* **Exercise objective**: The lines to copy are those in the records below that hold the word "Gallery".

[Excerpted data — start]

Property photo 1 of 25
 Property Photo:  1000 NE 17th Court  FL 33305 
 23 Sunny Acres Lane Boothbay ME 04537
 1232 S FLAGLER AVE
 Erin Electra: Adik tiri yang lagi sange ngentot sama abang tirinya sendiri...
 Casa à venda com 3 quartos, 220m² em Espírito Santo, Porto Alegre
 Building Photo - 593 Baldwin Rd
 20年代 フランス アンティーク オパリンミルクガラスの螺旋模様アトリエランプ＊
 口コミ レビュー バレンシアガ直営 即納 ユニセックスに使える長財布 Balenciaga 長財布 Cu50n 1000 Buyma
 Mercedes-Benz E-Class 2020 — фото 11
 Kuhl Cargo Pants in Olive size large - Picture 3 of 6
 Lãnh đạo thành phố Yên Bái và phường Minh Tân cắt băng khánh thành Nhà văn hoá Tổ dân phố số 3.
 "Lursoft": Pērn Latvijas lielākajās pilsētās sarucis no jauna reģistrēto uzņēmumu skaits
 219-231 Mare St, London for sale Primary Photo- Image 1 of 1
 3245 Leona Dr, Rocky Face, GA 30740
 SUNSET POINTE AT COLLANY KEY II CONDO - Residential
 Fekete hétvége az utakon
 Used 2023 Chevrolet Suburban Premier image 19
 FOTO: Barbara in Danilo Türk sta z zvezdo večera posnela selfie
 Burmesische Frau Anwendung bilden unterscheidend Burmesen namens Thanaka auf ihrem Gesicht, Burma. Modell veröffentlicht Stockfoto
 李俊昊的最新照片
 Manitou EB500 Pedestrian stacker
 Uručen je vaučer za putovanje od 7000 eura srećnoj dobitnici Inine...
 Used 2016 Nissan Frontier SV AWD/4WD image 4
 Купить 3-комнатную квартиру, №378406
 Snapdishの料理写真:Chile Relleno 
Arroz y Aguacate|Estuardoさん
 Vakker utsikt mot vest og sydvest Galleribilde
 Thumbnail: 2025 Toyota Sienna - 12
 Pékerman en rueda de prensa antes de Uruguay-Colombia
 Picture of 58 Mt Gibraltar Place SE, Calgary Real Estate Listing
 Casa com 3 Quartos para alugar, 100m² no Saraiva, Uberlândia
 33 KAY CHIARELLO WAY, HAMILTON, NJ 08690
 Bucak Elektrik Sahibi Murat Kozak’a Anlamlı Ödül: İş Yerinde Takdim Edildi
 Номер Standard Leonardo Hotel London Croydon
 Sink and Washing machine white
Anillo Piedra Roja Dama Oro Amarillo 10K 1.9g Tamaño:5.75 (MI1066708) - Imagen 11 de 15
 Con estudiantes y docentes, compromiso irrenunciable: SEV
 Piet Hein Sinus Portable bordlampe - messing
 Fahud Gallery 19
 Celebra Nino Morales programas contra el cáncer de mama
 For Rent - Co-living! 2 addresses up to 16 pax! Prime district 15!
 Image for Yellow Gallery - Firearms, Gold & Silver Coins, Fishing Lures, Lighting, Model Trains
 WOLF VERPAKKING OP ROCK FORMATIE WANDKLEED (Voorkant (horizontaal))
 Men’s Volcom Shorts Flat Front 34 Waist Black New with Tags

[Excerpted data — finish]

* **Response**:
 Fahud Gallery 19
 Image for Yellow Gallery - Firearms, Gold & Silver Coins, Fishing Lures, Lighting, Model Trains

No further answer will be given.